(Saved entries)

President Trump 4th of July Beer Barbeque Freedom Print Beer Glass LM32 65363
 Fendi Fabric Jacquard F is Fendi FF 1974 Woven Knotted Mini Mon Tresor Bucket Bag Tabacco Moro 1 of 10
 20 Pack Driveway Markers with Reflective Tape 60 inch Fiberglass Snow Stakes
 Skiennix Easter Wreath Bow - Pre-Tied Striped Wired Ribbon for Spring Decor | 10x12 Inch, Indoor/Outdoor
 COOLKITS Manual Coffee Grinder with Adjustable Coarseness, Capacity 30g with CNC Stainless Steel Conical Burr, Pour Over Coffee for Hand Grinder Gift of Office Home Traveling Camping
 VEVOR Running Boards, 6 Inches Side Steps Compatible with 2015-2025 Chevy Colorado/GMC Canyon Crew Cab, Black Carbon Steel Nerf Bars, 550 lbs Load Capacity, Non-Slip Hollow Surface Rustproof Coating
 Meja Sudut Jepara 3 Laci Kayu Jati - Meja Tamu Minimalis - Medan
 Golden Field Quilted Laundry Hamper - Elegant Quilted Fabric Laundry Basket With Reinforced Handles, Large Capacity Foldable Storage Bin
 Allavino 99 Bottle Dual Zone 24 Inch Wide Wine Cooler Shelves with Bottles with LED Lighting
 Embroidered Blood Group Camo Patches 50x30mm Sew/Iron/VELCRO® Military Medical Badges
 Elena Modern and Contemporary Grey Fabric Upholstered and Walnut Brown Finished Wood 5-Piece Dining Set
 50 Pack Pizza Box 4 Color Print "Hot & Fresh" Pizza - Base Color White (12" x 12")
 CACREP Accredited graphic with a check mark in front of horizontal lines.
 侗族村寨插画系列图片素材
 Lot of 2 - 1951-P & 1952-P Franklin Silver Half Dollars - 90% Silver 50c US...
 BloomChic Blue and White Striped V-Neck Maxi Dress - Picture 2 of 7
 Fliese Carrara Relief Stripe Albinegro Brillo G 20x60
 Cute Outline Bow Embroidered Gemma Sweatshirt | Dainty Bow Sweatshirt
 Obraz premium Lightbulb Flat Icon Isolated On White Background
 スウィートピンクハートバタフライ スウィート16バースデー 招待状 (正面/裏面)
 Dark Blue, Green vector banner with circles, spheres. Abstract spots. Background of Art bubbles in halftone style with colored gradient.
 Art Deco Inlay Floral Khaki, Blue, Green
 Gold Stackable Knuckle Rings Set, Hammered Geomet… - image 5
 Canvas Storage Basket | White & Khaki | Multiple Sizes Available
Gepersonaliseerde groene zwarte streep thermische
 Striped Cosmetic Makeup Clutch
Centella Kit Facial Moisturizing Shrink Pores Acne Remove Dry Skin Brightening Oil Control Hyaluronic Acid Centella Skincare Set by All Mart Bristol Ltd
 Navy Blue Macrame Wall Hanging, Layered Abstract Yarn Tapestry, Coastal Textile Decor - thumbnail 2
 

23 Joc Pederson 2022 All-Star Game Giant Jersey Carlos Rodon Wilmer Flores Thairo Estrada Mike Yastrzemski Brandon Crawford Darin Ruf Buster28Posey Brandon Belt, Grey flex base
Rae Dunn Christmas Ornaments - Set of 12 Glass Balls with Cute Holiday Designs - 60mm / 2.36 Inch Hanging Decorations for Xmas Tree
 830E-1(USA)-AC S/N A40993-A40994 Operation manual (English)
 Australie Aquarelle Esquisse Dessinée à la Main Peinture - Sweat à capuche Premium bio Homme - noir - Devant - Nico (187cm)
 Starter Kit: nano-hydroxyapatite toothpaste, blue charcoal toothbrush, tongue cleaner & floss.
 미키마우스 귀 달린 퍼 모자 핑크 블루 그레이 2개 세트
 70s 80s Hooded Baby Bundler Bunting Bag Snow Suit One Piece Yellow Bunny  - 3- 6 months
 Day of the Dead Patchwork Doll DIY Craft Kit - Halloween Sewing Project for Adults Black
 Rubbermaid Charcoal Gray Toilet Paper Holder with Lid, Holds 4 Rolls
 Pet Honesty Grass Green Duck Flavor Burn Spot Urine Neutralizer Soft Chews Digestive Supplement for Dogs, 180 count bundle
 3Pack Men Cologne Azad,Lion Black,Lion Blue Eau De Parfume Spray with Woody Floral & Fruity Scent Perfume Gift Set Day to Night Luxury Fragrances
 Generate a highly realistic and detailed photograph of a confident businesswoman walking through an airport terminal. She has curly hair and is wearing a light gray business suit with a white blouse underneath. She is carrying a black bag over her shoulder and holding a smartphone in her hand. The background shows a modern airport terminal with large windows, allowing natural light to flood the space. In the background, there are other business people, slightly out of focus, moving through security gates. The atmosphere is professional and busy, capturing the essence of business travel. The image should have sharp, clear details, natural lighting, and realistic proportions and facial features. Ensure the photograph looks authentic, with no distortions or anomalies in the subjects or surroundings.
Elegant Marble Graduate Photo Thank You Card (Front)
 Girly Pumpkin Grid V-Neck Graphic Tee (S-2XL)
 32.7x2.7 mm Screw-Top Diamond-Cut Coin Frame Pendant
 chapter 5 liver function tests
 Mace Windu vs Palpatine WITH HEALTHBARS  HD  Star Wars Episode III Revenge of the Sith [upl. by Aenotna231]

Work instruction
After locating the line that holds "chapter 5 liver function tests", print it and each line after it through the end of the data, exactly as it stands.

Your response
 chapter 5 liver function tests
 Mace Windu vs Palpatine WITH HEALTHBARS  HD  Star Wars Episode III Revenge of the Sith [upl. by Aenotna231]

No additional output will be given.